> [About this exercise]: When you retype the entries, keep each one exact and leave out the pictures.

> [Material shown]:
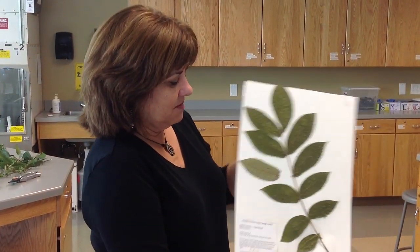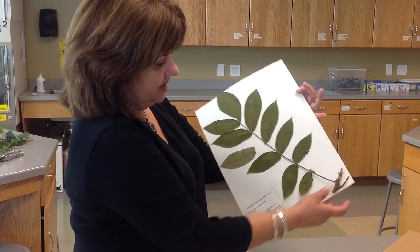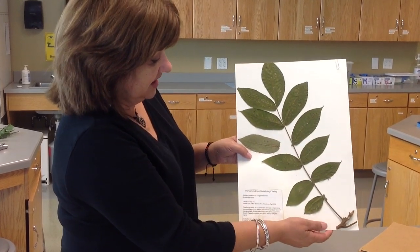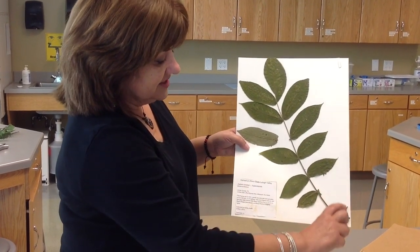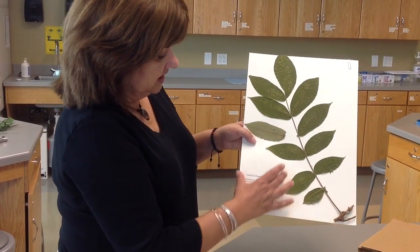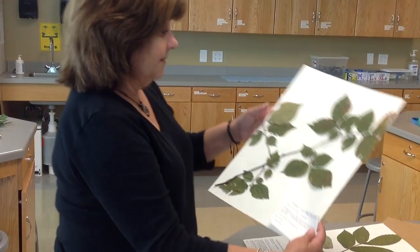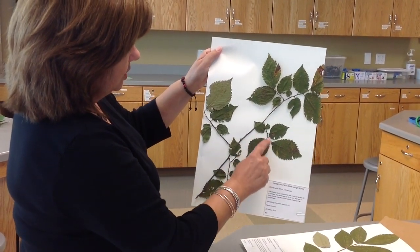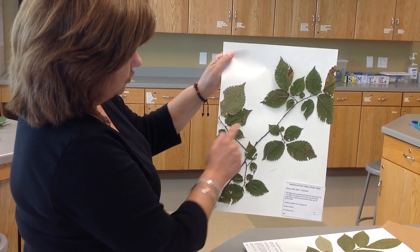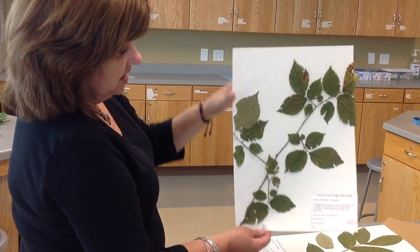What we ultimately want to produce is a product that looks like this, where we have a leaf attached to a portion of the stem — this is the size of the herbarium sheet. This is a plant with a compound leaf, so the leaf takes up nearly the whole paper with a section of stem, leaving room for the label. This other sample has simple leaves, so we don't need as large a sample since we have individual twigs with each leaf.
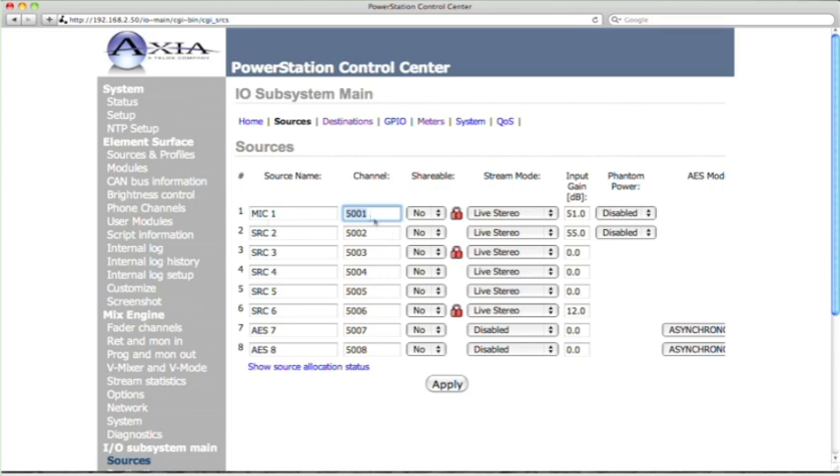For the channel number, I use a scheme based on the IP address of the device. The IP address ends in .2.50, so I make my channel numbers all start with 50 and then go 01 through 08. That way there are no duplicate channel numbers anywhere in the system. Leave the shareable setting at no — that's how the system works to be backward compatible. The stream mode should be live stereo, though you have other options like standard stereo or disabled. For the input gain on this mic, I tested it already and 51 dB is just about right.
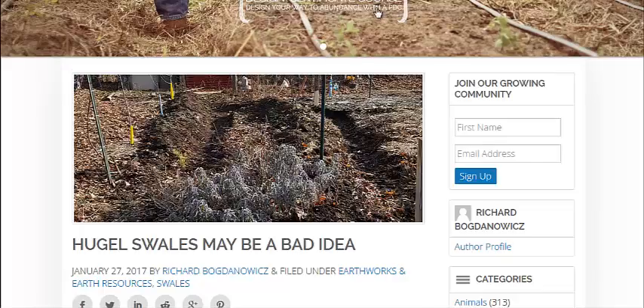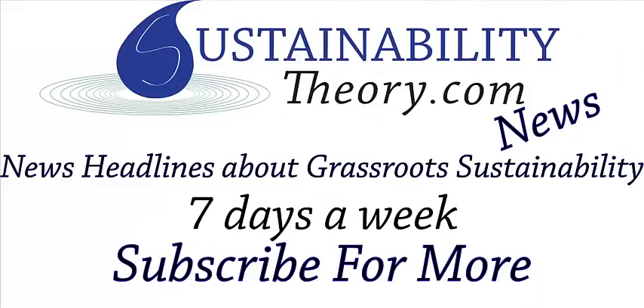There are a lot of good ideas in these articles on what to do and not to do when building your swales or hugelkultur beds. I'm going to link to both articles in the description. If you'd like to see more news headlines like this, subscribe to my channel. Have a great day.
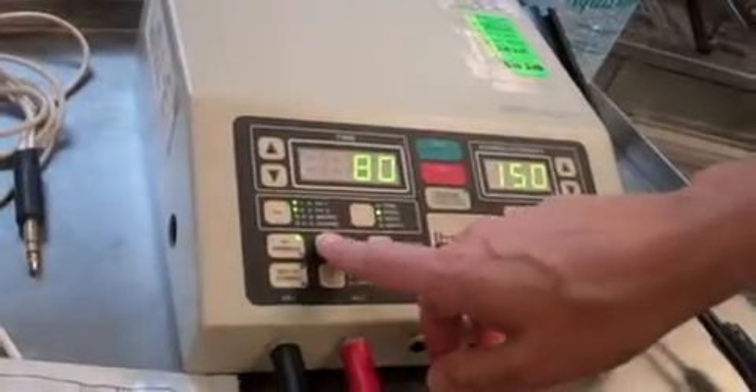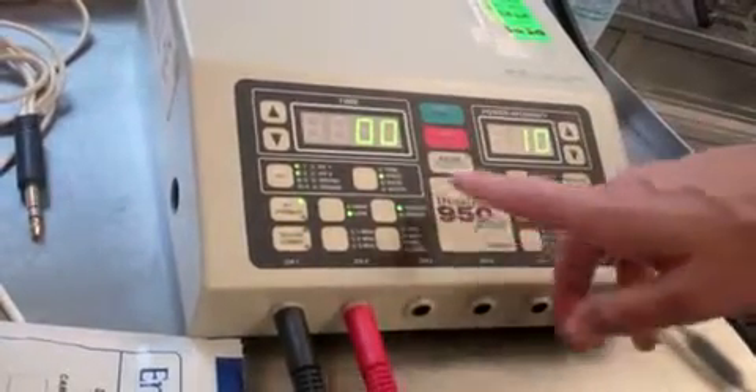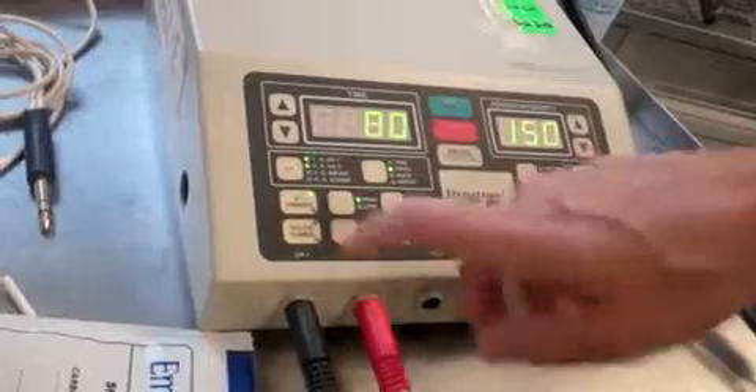On high, our frequency is 80 to 150 pulses per second. If I switch it to low, it'll modulate between zero and ten pulses per second. For sensory level, we'll put it on high.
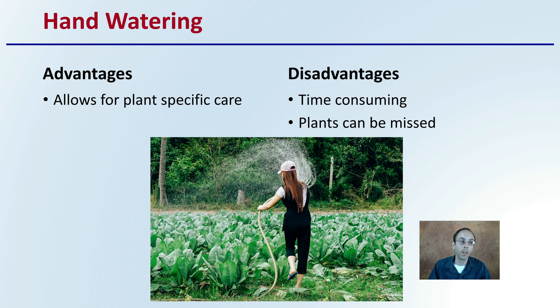Lastly, there's hand watering. The advantage is that it allows for plant-specific care. However, the disadvantages are that it can be very time-consuming — plants can be missed by growers, not intentionally, but just missing a plant. On large-scale productions, two hours a day could be spent just irrigating plants. But it does allow for that specific plant care, and in smaller growing operations, the advantage of that specific care and the lack of any specialized equipment could make it a viable option.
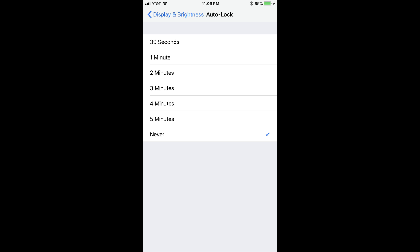Step 4: Tap Never in the list of options. A check mark appears to the right of Never. Your iPhone screen will no longer turn off after it is on unless you press the home button to lock it.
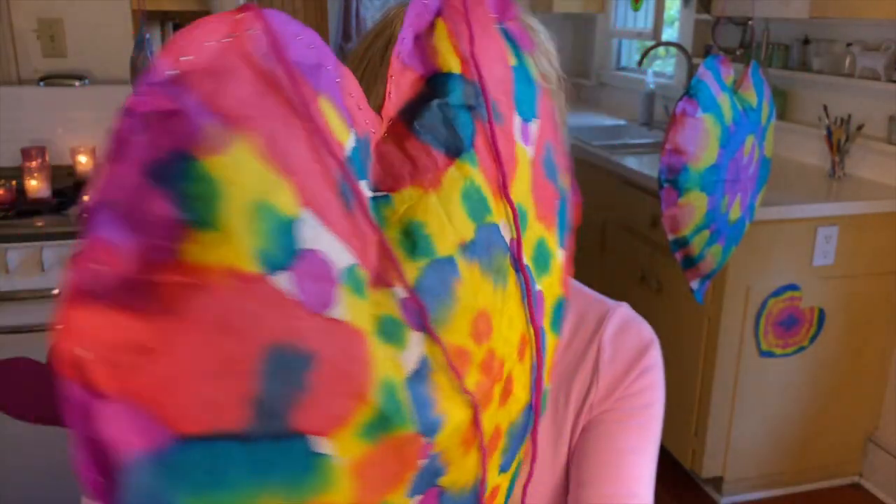The heart sculptures by Jim Dine have inspired me to make some puffy hearts. I love using liquid watercolor to achieve this tie-dye effect. The materials you'll need for this are two giant coffee filters, some liquid watercolor. This is optional but you can use bingo bottles to apply the liquid watercolor or you can use a paintbrush. It's useful to have some sort of tray to catch the extra paint that goes through. So I'll do a quick demo of this.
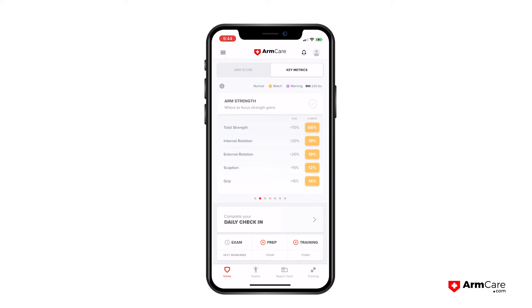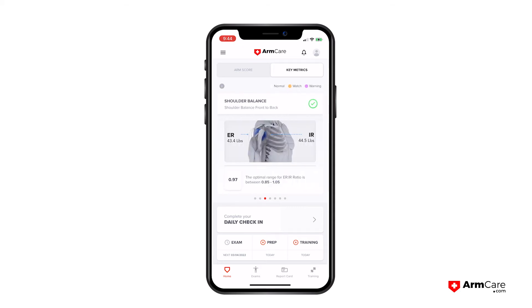Next we look at shoulder balance. Even though his strength is a little low, he's at a 0.97, which means he's almost a one-to-one ratio between frontside and backside accelerators and decelerators. That's a good thing — his strength is a little low but he's balanced, so we're in a good position.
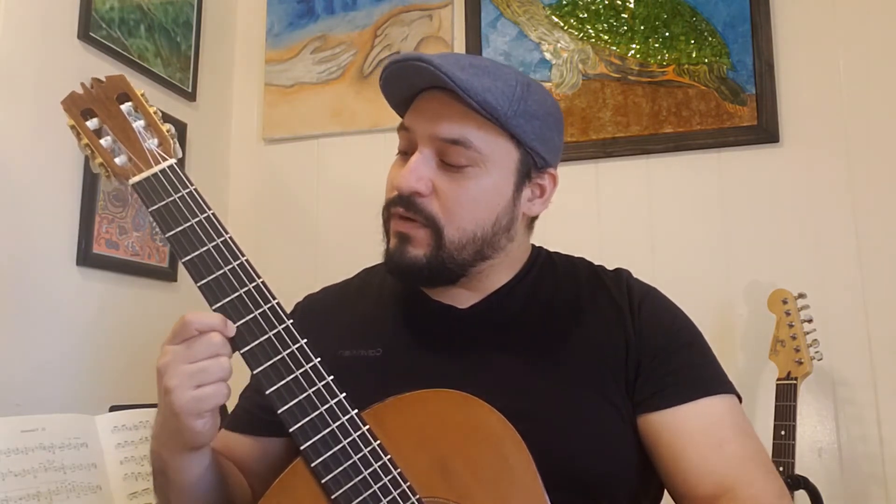Once we get that melody down with finger one, we are going to move with the same finger — finger one — to fret number five, and we will play this one two times. Ready and five, five. So remember: zero, zero, seven, seven, nine, nine, seven — let the note ring — and then five, five.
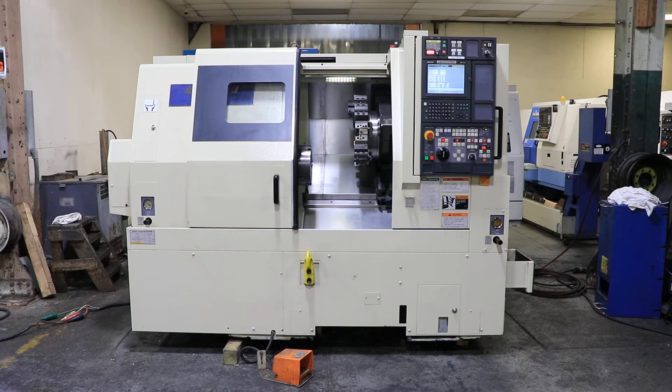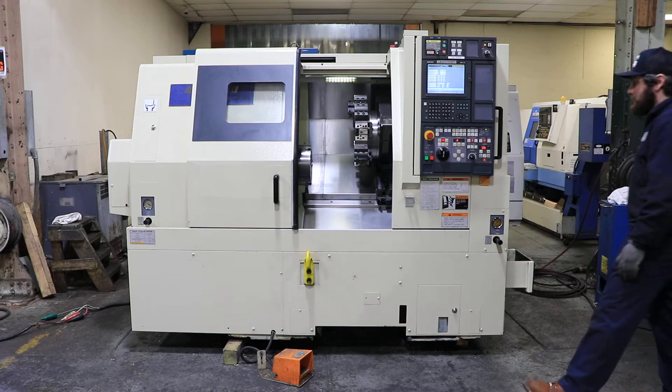Today we have a very nice Morisei SL-253B-500. The machine has an MSG 500 control. It's got a 10-inch B210 Kitagawa chuck, a tail stock, and high pressure coolant — MHP 350 high pressure coolant. Now we're gonna run it.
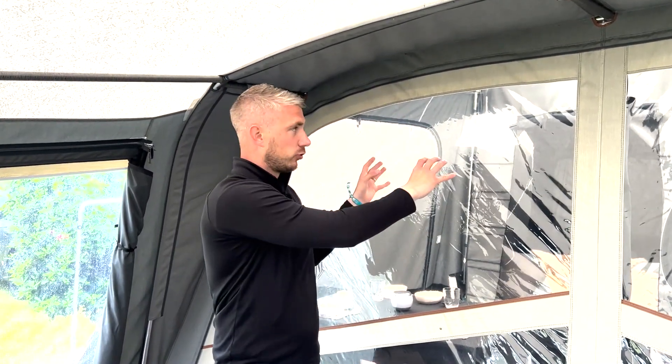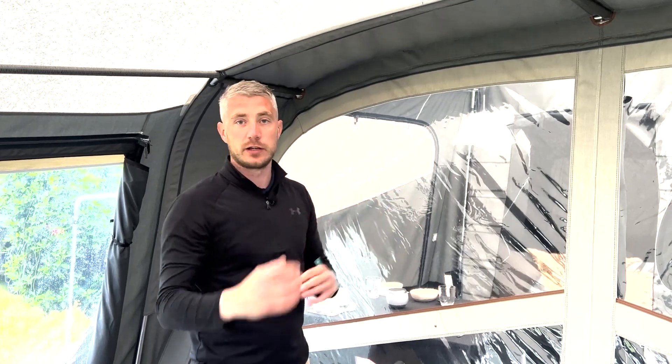If you did have a problem with the main trailer, you can also take the whole canvas off the trailer and we can repair that.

> [Reply]:
What we ultimately want to produce is a product that looks like this, where we have a leaf attached to a portion of the stem — this is the size of the herbarium sheet. This is a plant with a compound leaf, so the leaf takes up nearly the whole paper with a section of stem, leaving room for the label. This other sample has simple leaves, so we don't need as large a sample since we have individual twigs with each leaf.
For the channel number, I use a scheme based on the IP address of the device. The IP address ends in .2.50, so I make my channel numbers all start with 50 and then go 01 through 08. That way there are no duplicate channel numbers anywhere in the system. Leave the shareable setting at no — that's how the system works to be backward compatible. The stream mode should be live stereo, though you have other options like standard stereo or disabled. For the input gain on this mic, I tested it already and 51 dB is just about right.
There are a lot of good ideas in these articles on what to do and not to do when building your swales or hugelkultur beds. I'm going to link to both articles in the description. If you'd like to see more news headlines like this, subscribe to my channel. Have a great day.
On high, our frequency is 80 to 150 pulses per second. If I switch it to low, it'll modulate between zero and ten pulses per second. For sensory level, we'll put it on high.
Lastly, there's hand watering. The advantage is that it allows for plant-specific care. However, the disadvantages are that it can be very time-consuming — plants can be missed by growers, not intentionally, but just missing a plant. On large-scale productions, two hours a day could be spent just irrigating plants. But it does allow for that specific plant care, and in smaller growing operations, the advantage of that specific care and the lack of any specialized equipment could make it a viable option.
Step 4: Tap Never in the list of options. A check mark appears to the right of Never. Your iPhone screen will no longer turn off after it is on unless you press the home button to lock it.
The heart sculptures by Jim Dine have inspired me to make some puffy hearts. I love using liquid watercolor to achieve this tie-dye effect. The materials you'll need for this are two giant coffee filters, some liquid watercolor. This is optional but you can use bingo bottles to apply the liquid watercolor or you can use a paintbrush. It's useful to have some sort of tray to catch the extra paint that goes through. So I'll do a quick demo of this.
Next we look at shoulder balance. Even though his strength is a little low, he's at a 0.97, which means he's almost a one-to-one ratio between frontside and backside accelerators and decelerators. That's a good thing — his strength is a little low but he's balanced, so we're in a good position.
Once we get that melody down with finger one, we are going to move with the same finger — finger one — to fret number five, and we will play this one two times. Ready and five, five. So remember: zero, zero, seven, seven, nine, nine, seven — let the note ring — and then five, five.
Today we have a very nice Morisei SL-253B-500. The machine has an MSG 500 control. It's got a 10-inch B210 Kitagawa chuck, a tail stock, and high pressure coolant — MHP 350 high pressure coolant. Now we're gonna run it.
If you did have a problem with the main trailer, you can also take the whole canvas off the trailer and we can repair that.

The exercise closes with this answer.